PROBLEM DETAILS: Only the pictures are dropped; the lines of the material that follow are returned exactly.

### DATASET CONTENT

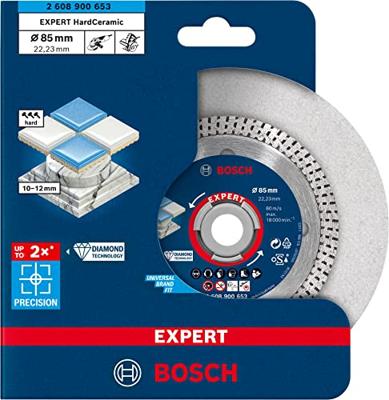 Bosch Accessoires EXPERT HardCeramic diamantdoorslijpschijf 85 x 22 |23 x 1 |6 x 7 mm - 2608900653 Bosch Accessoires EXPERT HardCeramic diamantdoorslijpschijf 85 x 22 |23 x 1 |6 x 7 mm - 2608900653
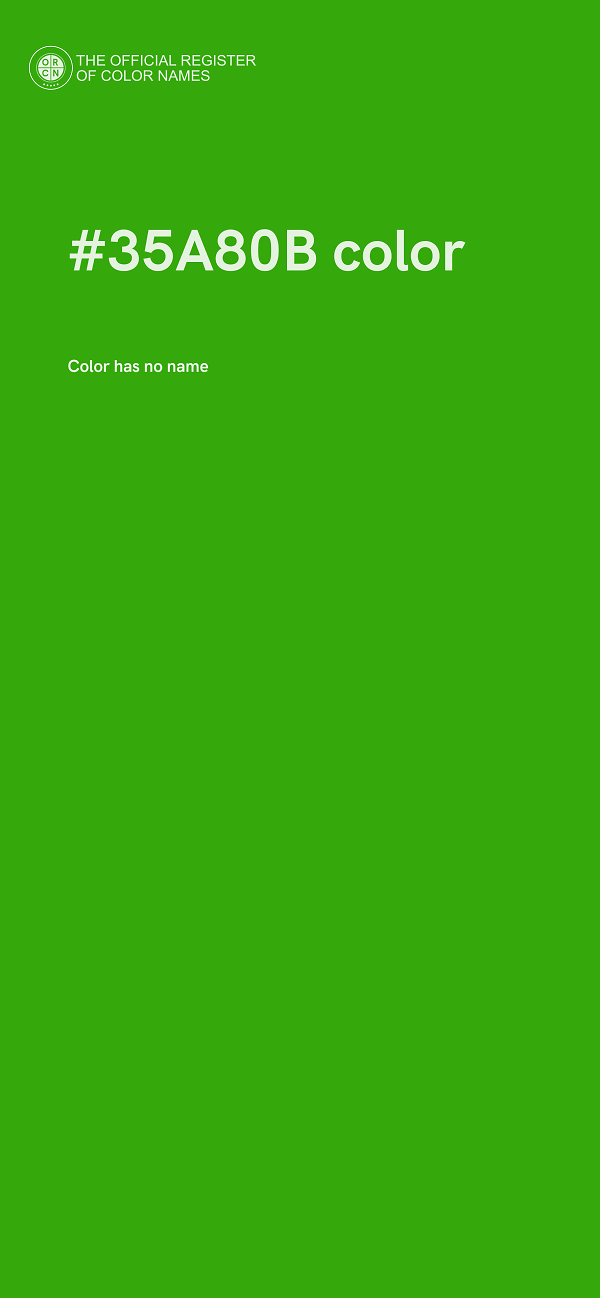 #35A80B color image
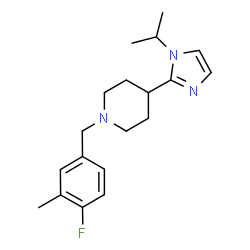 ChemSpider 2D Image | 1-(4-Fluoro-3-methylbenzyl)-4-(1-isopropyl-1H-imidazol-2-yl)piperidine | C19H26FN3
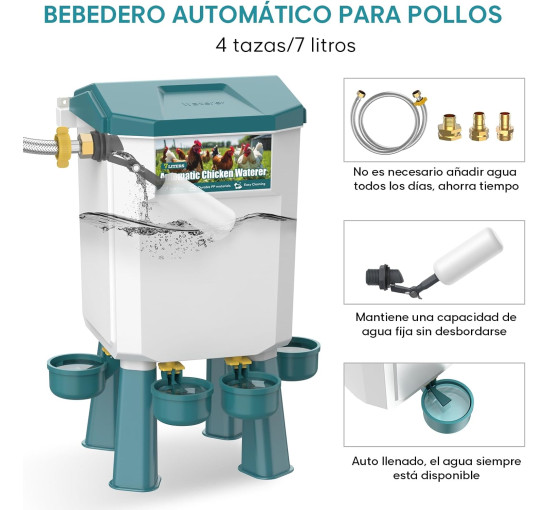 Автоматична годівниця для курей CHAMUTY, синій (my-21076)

######

COMPLETED TASK:
 Bosch Accessoires EXPERT HardCeramic diamantdoorslijpschijf 85 x 22 |23 x 1 |6 x 7 mm - 2608900653 Bosch Accessoires EXPERT HardCeramic diamantdoorslijpschijf 85 x 22 |23 x 1 |6 x 7 mm - 2608900653
 #35A80B color image
 ChemSpider 2D Image | 1-(4-Fluoro-3-methylbenzyl)-4-(1-isopropyl-1H-imidazol-2-yl)piperidine | C19H26FN3
 Автоматична годівниця для курей CHAMUTY, синій (my-21076)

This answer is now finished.